BRICS isn't fully there yet, but it's moving. And the more it invests, in sovereign capital formation, in regional financial platforms, and narrative independence, the less power of BlackRock is gonna have over anyone in the BRICS nations and in the global South generally. So what does all this mean? It means that the tide is turning, like I've been talking about. The tide is turning, not with fireworks, not with revolutions, but with slow deliberate structural realignment.

And in that realignment, BlackRock doesn't disappear, but it becomes irrelevant. In the world that is being built now, irrelevance is the greatest defeat that any empire can suffer. If we fast forward again to the year 2050, okay, Black Rock is still gonna exist most likely, but it's not gonna matter like it matters now. Its dominance is gonna be over, not by destruction, but by, like I say, irrelevance. And that's because bricks, this block of sovereign civilizational powers, will have built a system where black rock has no leverage.

The global South is gonna go from obedience to ownership. That's their historical trajectory. You know, in 2025, BlackRock can punish a state with capital flight. They can punish them with narrative, ESG compliance ratings and so forth. But by 2050, BRICS controls the foundations of value.

They control the food, they control the energy, they control the minerals, they control the labor, they control the logistics, they control the growth markets, and BlackRock can't operate without them. That's what you call control of inputs, like I said. So on control of inputs in 2050, Brix is a nine out of 10. They own the supply side of civilization in 2050. In 2050, Brix isn't just learning to play the game better, they changed the game.

They rewrote the operating system of global capital by 2050. That's decision authority, six out of 10 and rising. Narrative control, by 2050, the global south no longer asks about ESG scores. They no longer ask for BlackRock's opinion on anything at all. In the past, if you disobeyed BlackRock, you paid the price.

Your credit ratings would drop. Your investments would disappear. Your economy would suffer. But by 2050, no. Brix is gonna be immune.

They don't need BlackRock's money. They won't need it. They don't need to rely on BlackRock's platforms. They don't they won't care about BlackRock's judgment. That's immunity to retaliation, that's an eight point zero out of 10.
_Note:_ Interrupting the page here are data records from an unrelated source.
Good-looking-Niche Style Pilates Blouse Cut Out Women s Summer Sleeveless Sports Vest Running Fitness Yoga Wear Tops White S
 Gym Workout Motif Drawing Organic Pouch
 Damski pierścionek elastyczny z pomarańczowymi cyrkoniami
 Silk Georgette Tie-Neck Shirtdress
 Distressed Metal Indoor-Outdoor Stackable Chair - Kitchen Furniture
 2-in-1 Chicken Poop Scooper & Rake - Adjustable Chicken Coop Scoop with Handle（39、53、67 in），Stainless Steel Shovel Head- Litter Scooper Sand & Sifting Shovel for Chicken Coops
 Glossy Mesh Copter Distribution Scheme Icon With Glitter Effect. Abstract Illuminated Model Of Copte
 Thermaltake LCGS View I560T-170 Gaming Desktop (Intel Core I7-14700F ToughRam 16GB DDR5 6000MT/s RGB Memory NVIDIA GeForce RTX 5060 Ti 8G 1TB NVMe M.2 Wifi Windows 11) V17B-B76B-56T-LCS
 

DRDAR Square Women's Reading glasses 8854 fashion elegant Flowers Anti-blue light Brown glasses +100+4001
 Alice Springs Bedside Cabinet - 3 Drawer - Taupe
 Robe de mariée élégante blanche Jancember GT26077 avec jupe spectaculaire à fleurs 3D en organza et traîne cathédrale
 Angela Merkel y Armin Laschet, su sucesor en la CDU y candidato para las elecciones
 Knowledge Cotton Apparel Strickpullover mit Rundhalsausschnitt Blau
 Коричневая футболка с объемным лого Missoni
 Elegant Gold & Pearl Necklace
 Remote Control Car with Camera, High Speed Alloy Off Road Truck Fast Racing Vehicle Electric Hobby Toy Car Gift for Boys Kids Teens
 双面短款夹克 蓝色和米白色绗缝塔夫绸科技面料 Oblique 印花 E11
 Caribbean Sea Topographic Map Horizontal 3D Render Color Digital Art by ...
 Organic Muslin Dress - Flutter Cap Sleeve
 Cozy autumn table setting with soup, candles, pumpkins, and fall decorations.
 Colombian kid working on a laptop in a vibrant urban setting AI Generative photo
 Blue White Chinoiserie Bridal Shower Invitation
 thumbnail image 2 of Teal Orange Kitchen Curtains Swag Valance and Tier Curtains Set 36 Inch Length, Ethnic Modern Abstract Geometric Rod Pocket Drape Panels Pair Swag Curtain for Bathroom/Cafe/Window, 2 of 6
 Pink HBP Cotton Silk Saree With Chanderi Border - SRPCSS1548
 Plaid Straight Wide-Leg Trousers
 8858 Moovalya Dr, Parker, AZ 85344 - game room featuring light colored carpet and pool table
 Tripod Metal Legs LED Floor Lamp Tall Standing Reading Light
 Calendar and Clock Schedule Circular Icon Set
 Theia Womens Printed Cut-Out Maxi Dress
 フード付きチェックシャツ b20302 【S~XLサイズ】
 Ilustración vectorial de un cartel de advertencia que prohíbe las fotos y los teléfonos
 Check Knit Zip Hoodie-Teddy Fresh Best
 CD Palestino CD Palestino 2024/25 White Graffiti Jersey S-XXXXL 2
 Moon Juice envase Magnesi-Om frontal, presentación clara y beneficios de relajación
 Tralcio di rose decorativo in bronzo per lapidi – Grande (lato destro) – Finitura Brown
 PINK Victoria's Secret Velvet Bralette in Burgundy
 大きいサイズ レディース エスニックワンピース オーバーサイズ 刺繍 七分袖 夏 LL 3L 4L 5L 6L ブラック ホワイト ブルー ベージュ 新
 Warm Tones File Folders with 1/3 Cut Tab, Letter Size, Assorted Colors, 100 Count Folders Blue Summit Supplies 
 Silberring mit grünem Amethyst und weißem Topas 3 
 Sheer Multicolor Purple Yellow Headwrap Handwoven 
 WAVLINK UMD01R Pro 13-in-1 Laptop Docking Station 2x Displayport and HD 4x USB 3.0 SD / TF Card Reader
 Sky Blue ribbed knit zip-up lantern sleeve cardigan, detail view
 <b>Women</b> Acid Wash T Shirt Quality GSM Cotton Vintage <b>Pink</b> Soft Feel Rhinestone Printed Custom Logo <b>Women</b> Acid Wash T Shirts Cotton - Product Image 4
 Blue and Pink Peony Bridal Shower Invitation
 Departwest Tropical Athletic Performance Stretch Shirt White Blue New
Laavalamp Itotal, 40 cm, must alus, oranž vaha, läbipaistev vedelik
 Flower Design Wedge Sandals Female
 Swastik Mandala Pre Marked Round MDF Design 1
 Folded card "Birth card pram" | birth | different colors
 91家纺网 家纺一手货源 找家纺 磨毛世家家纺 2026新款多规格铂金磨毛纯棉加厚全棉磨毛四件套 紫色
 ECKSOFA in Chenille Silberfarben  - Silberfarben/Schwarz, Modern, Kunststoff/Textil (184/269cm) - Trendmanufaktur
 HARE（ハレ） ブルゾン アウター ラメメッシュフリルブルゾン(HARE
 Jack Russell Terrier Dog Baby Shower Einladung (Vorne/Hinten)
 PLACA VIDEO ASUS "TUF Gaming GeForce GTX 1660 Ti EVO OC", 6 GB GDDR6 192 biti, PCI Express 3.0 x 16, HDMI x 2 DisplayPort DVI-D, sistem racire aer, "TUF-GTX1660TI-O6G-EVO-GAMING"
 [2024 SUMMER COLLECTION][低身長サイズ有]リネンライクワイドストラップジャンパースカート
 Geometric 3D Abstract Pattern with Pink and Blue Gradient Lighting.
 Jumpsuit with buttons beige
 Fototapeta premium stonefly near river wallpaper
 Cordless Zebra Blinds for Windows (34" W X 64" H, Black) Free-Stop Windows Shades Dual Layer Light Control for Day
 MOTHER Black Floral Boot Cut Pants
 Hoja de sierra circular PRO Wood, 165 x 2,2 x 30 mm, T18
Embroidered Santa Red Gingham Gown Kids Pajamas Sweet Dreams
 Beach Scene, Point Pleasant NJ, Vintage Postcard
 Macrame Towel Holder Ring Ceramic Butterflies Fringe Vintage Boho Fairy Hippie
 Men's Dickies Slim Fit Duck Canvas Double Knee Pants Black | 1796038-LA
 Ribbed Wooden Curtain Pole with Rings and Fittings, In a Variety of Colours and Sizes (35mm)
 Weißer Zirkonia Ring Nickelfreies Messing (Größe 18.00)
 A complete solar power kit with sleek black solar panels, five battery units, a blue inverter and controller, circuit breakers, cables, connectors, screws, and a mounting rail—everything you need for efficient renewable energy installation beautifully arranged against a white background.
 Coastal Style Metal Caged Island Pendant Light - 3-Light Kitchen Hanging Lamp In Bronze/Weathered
Because you cannot be punished by a system that you are able to walk away from. And more than that, bricks can pivot instantly. They have sovereign wealth funds, They have state banks. They have I'm talking about by 2050. They're gonna have regional financial loops.

So their adaptability reserve goes all the way up to 9.5. What about their dependency? BRICS dependency on BlackRock. Well, that's gonna be completely gone by 2050. In 2050, no one needs BlackRock.

They don't need them to build their infrastructure. No one's gonna need their capital to fund energy projects. No one's gonna need their ratings to be trusted. No one's gonna even trust their rating system. So we gave Brix a dependency score of only, six out of 30 because the vulnerability has vanished by 2050.

So the final RPI score, we project that Brix is gonna hold a functional power of 33 over BlackRock in 2050. That's overwhelming dominance. Not militarily, not ideologically, but structurally. This is the end of the era of a national rule. When a national companies like Black Rock, without a flag, without people, without accountability, when they had the power, when Black Rock had the power to shape the world and to escape consequences of their actions, well, era is over.

Civilizational sovereignty will have returned. By 2050, what we're gonna see is not necessarily the defeat of BlackRock, but it's the replacement of the context that gave BlackRock power, a new architecture. When you build new architecture, the old one crumbles on its own. When you create new definitions of value yourself, will you regain your sovereignty? And in 2050, Brix isn't gonna fear BlackRock.

BlackRock is gonna fear irrelevance because it's no longer the owner of the future. The global South is. The Muslim world is. You are. And that's the real revolution.